I know folks right now that would hold up a train bound for heaven while they telephoned back home for the cook to run and bring them something which, not having ever had any use for it at home, they had done forgot. They could live in a house on earth with it for years without even knowing where it was, but just try to get them to start to heaven without taking it along.

“He didn’t look like a lunger. He didn’t look concerned enough. You take them, even while they are sitting on the baggage truck with their eyes shut while the wife is arguing with anybody in sight that her husband’s lungs ain’t worth as much as western folks seem to think, and they look concerned. They are right there, where it is going on. They don’t care who knows that they are the most interested parties present. Like a man on horseback that’s swallowed a dynamite cap and a sharp rock at the same time.

“But him. His name was Darrel, Darrel Howes. Maybe House. She called him Dorry. He just got off the train with his one grip and stood on our platform and sneered at it, the mountains, the space, at the Lord God Himself that watches a man here like a man might watch a bug, a ant.

“ ‘Our station ain’t much,’ I says. ‘You’ll have to give us a little time. We only been working on this country about two hundred years and we ain’t got it finished yet.’
“He looked at me, a tall fellow in clothes that hadn’t never seen as far west as Santone even, before he brought them. What the pitchure magazines would call a dook, maybe. ‘That’s all right with me,’ he says. ‘I don’t intend to look at any of it longer than I can help.’

“ ‘Help yourself,’ I said. ‘They’ll tell you in Washinton it belongs to you too.’
“ ‘They can have my part of it back soon then,’ he says. He looked at me. ‘You’ve got a house here. A camp.’
“I understood what he meant then, what he had come for; I hadn’t never suspected it. I guess I thought he was a drummer, maybe. A perfume drummer, maybe. ‘Oh,’ I says. ‘You mean Sivgut. Sure. You want to use it?’

“That was what he wanted, standing there in his eastern clothes like a Hollywood dook, sneering. And then I knew that he was just about scared to death. After them three or four days on the train with nobody to talk to except his own inhabitants, he had just about got himself scared to death. ‘Sure,’ I said. ‘It’s a good camp. You’ll like it up there. I’m going up there today. You can go with me, if you want to look at it.

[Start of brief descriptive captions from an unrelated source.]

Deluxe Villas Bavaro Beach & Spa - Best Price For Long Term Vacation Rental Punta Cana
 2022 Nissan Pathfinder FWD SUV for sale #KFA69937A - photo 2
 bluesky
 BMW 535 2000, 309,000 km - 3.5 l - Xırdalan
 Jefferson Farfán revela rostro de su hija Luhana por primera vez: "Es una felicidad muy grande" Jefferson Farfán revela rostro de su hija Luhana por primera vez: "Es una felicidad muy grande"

I will get you back here by Thursday night.’ He didn’t say anything. He didn’t seem to be paying any attention at all. ‘You’ll have a lot of time to listen to them little things before you die, my friend,’ I says to myself. ‘And without anybody to help you listen, neither.’ I thought that that was what it was. That he was just young (there was something about him that let you know, plain as if he had told you, that he was an only child and that his ma had been a widow since before he begun to remember; anyway, you could see that he had probably spent all his life being took care of by women, women to whom he looked like quite a figger, and here when he really needed to be took care of, he was ashamed to tell them the reason of it, and scared of himself.

I didn’t think he knew what he wanted to do or what he would do next; I thought that all he wanted was for somebody to tell him they would do this or that next, before the time come to need to do something else even. I thought he was running from himself, trying to lose himself in some crowd or in some strange surroundings where he would get lost and couldn’t keep up. I never thought different even when he asked about food. ‘We’ll find some at camp,’ I said. ‘Enough for a week.’
“ ‘You pass there every week do you?’ he said.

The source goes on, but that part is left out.